Under the Appointments Clause of the U.S. Constitution, certain federal positions appointed by the president -- including secretary of defense -– require confirmation of the U.S. Senate.
After their hourlong meeting in November, President-elect Donald Trump described retired Marine Gen. James Mattis — thought to be a contender for defense secretary — as “the real deal.”
He earned his nicknames Mad Dog and the Warrior Monk for his attention to military tactics and strategy. He is known for his candor and blunt talk, which have at times gotten him into hot water.
Here’s everything you need to know about Mattis:
Name: James N. Mattis
Age: 66 (born Sept. 8, 1950)
Hometown: Pullman, Washington
Family: Single, no children
What he used to do:
2010 to 2013: commander of U.S. Central Command
2007 to 2009: commander of U.S. Joint Forces Command
2006 to 2007: commander of I Marine Expeditionary Force
2005 to 2006: commander of Marine Corps Combat Development Command
2002 to 2004: commander of the 1st Marine Division, led Marine forces into Iraq
Key career moments:
In November 2001, as a brigadier general, Mattis commanded Task Force 58, the first Marine force to enter Afghanistan after the 9/11 attacks.
As a lieutenant colonel during the Persian Gulf War in February 1991, Mattis commanded the 1st Battalion, 7th Marine Regiment, one of the units that pushed into Kuwait to liberate it from Iraqi troops.
What you might not know about him:
Mattis is known for a singular focus on military history, tactics and strategy, traits that, along with his unmarried status, led to his Warrior Monk nickname.

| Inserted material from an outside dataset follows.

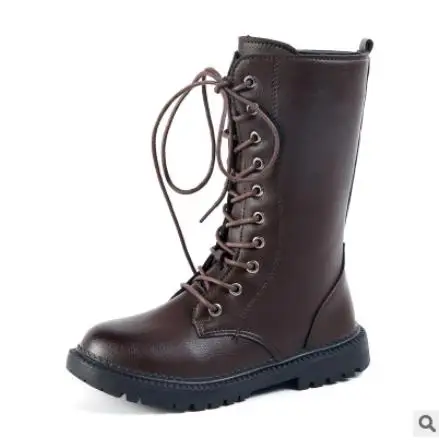 Зимняя обувь из искусственной кожи для девочек, черные теплые ботинки для девочек-подростков, для детей - Цвет: Коричневый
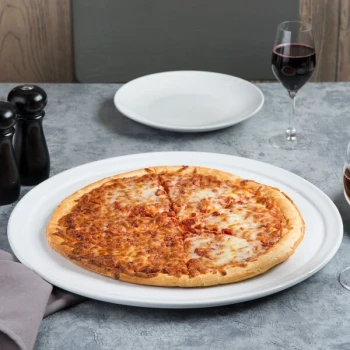 American Metalcraft CERAM18 18" White Ceramic Pizza Serving Tray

He is said to have a personal library of 7,000 books and during deployments often took with him “Meditations of Marcus Aurelius,” quotes from the Roman emperor and stoic philosopher. His Mad Dog nickname appears to be a reference to his combative nature on and off the battlefield.
In April, Mattis said in remarks at the Center for Strategic and International Studies, a Washington think tank, “The Iranian regime, in my mind, is the single most enduring threat to stability and peace in the Middle East.” He added, “Among all the issues facing us in the Middle East, I think Iran is actually foremost. And yet at the same time, it appears here in Washington that we’ve forgotten how to keep certain issues foremost.”
In the same speech, he criticized Barack Obama’s administration for being naive about Teheran’s intentions in agreeing to the Iranian nuclear deal. But he was at odds with those who favor scrapping the deal. “We are going to have to recognize that we have an imperfect arms control agreement,” he said. “What we achieved was a nuclear pause, not a nuclear halt. We’re going to have to plan for the worst.”